Monica ci racconta la storia di una delle tante famiglie vittime del conflitto durato oltre 50 giorni. 

 

Wadi Salqa, Striscia di Gaza. 24 settembre 2014

Questa mattina assieme a Ghassan, coordinatore GVC a Gaza, ci siamo diretti verso Wadi Salqa, nella zona centrale della Striscia di Gaza. Il villaggio si trova ad est, a 2 km dal confine con Israele, la zona più colpita dal conflitto durato oltre 50 giorni.

Dal 26 agosto, data del cessate il fuoco, la popolazione locale attende con trepidazione i futuri scenari possibili, tentando di tornare alla normalità in una zona dove quasi nulla è normale. Si contano i danni subiti e si cerca di recuperare ciò che non è stato distrutto.
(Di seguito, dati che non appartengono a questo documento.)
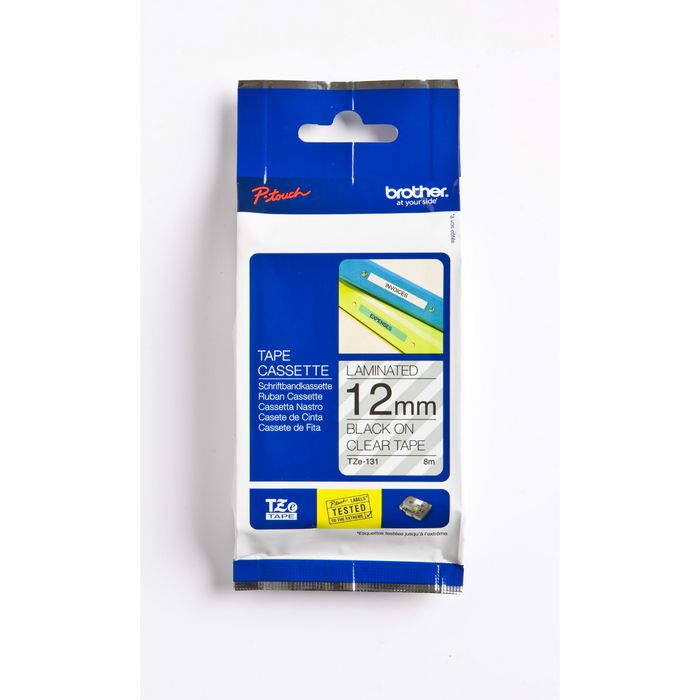Brother 12mm (0.47") Black on White tape for P-Touch 8m (26.2 ft) - W125275839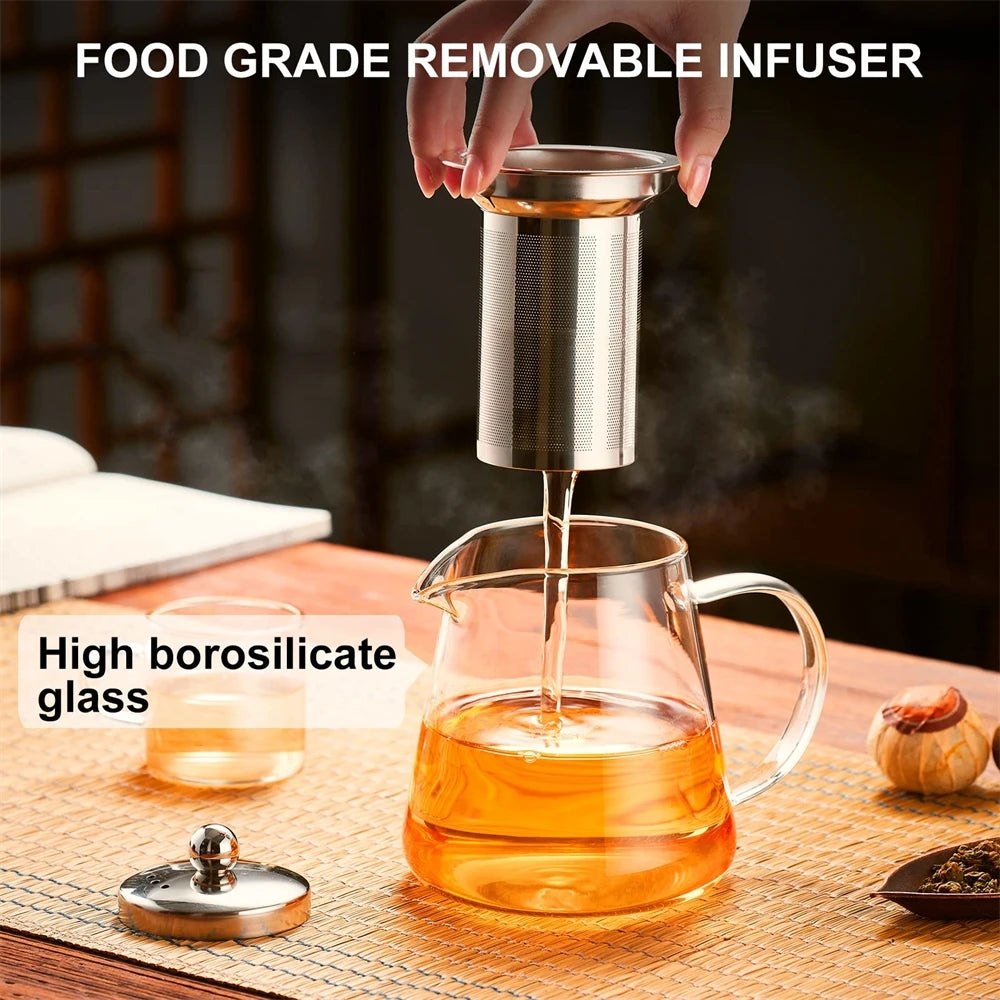 1pc Glass Teapot Heat Resistant Borosilicate Clear Tea Kettle with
Wadi Salqa è un piccolo villaggio di agricoltori, dediti in particolare alla produzione di olio d’oliva e alla coltivazione di ortaggi. Qui, noi di GVC stiamo assistendo la popolazione locale,  distribuendo acqua potabile attraverso cisterne installate all’interno del villaggio. 
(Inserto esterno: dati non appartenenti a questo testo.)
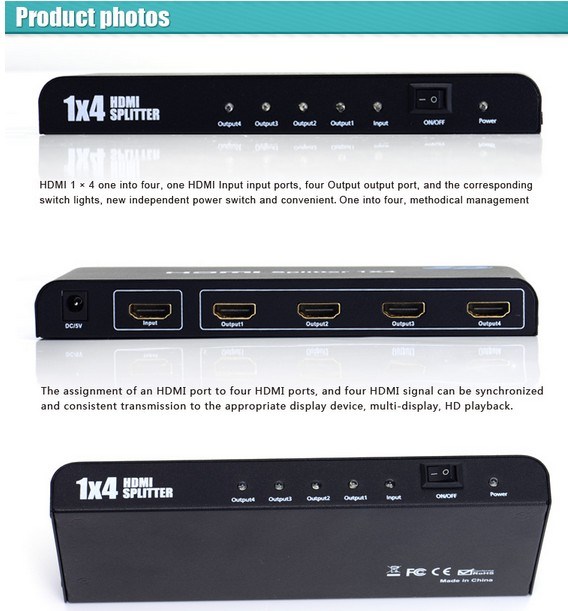 Hot Selling HDMI Splitter 1X4 Support 3D 1080P Hdcp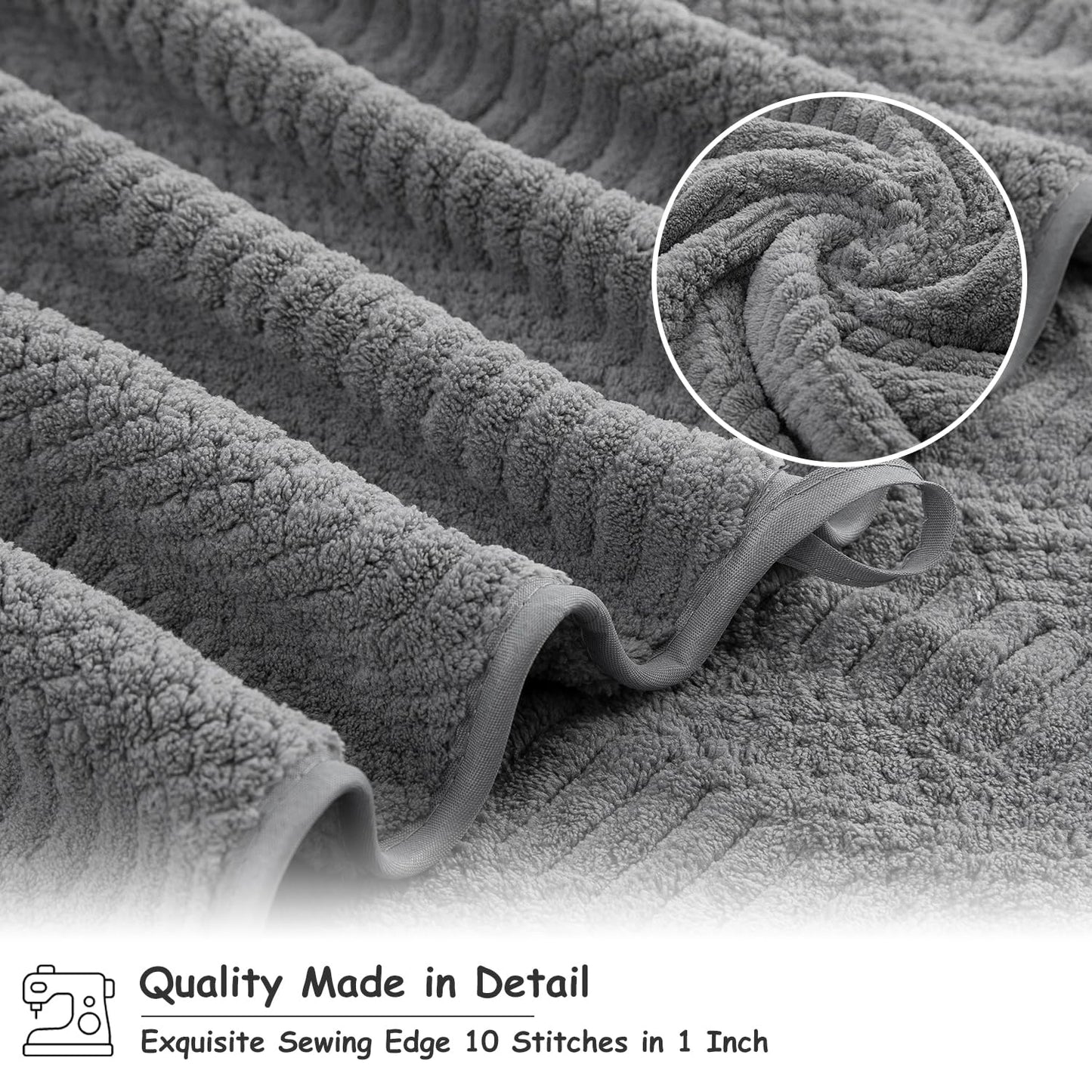 18 Pcs Gray Woven Family Towels Set-6 Bath Sheets,6 Hand Towels,6 Washcloths Soft Microfiber Towels Absorbent Shower Towel Quick Dry Beach Chair Towel Lint Less Towels Set for Bathroom Spa Gym Hotel
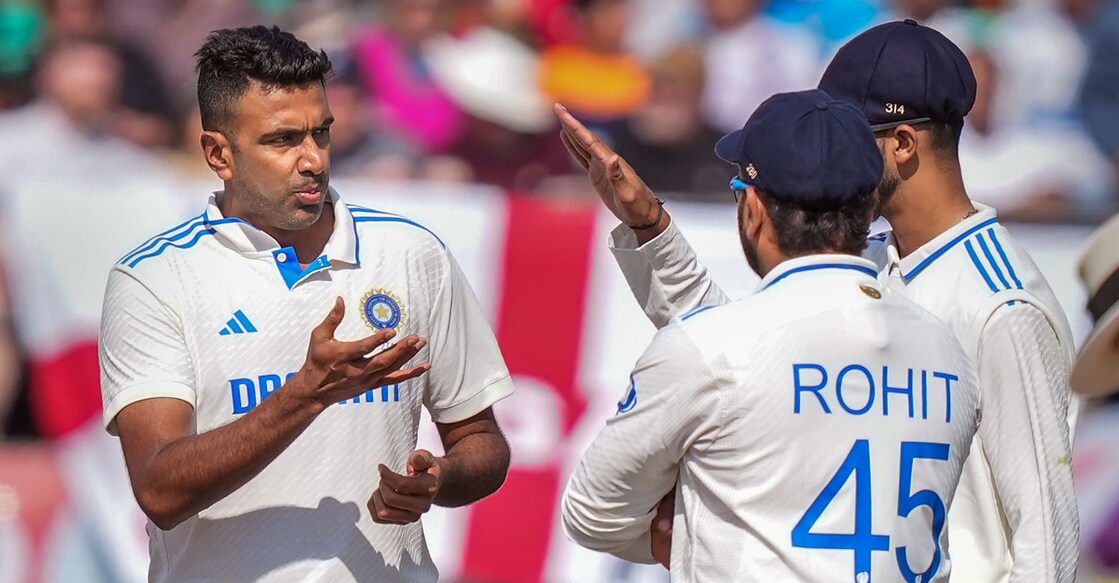 PTI03_07_2024_000158B India's Ravichandran Ashwin and Rohit Sharma celebrate the wicket of England's batter Ben Foakes during the first day of the fifth Test in Dharamshala. File photo: PTI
Delle oltre 800 famiglie presenti a Wadi Salqa, oltre un quarto sono rimaste senza casa. Alcune di queste hanno trovato riparo presso una delle scuola delle Nazioni Unite - UNRWA - mentre gli altri sono ospiti presso familiari o amici nelle comunità vicine. C’è chi poi è voluto restare lì dove è nato, accampato presso ciò che resta della propria casa.

Durante la mia visita ho avuto modo di incontrare e parlare con molte persone.
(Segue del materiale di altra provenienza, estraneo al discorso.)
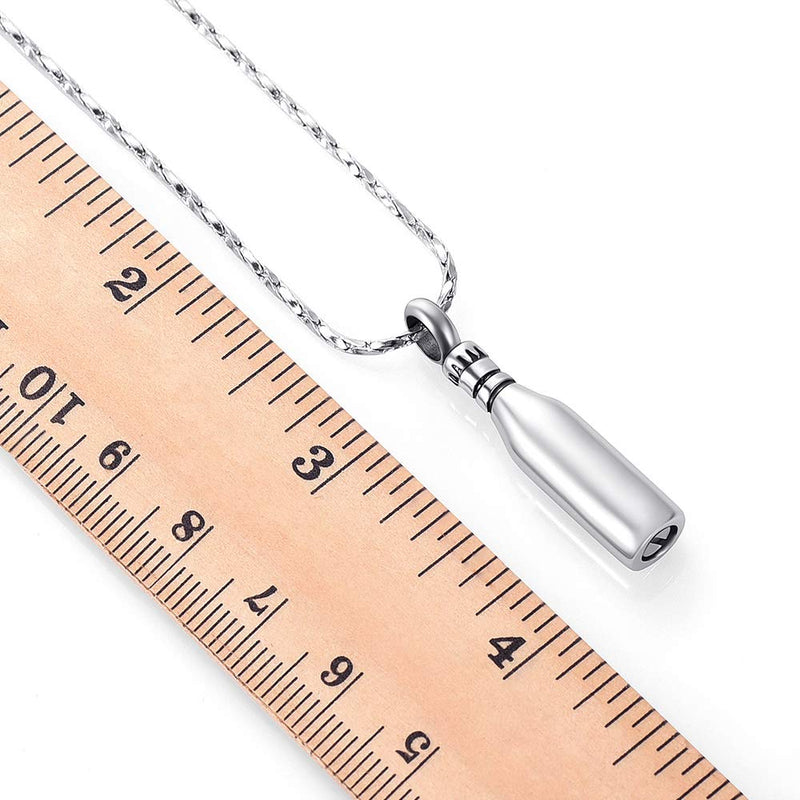 [Australia] - Imrsanl Cremation Jewelry for Ashes Bar Urn Necklace Pendant Memorial Ash Jewelry Beer Bottle Keepsake Jewelry for Ashes Silver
Tra tutti difficilmente dimenticherò la storia della famiglia Abu Daher. Prima di quest’ultima guerra le oltre 70 persone di questa famiglia “allargata” - 20 adulti e 50 bambini - vivevano in 8 case vicine tra di loro dedicandosi interamente al loro uliveto adiacente alle abitazioni: da questo terreno, ricavavano la fonte principale del loro sostentamento economico, l’olio d’oliva.

Le loro case sono state completamente rase al suolo. Non solo. Oltre a case e infrastrutture civili (quali scuole, acquedotti e ospedali) l’esercito israeliano ha distrutto le aree agricole, sradicando alberi, distruggendo serre, macchinari e strutture produttive e riempiendo il suolo di agenti inquinanti. L’uliveto secolare della famiglia Abu Daher ha subito la stessa sorte.

Ora i membri della famiglia Abu Daher vivono accampati in una piccola tenda donata loro dalla Croce Rossa Palestinese, tra l’uliveto e ciò che resta delle proprie case, nell’attesa che qualcosa accada  sperando in un rifugio sicuro prima dell’arrivo dell’inverno.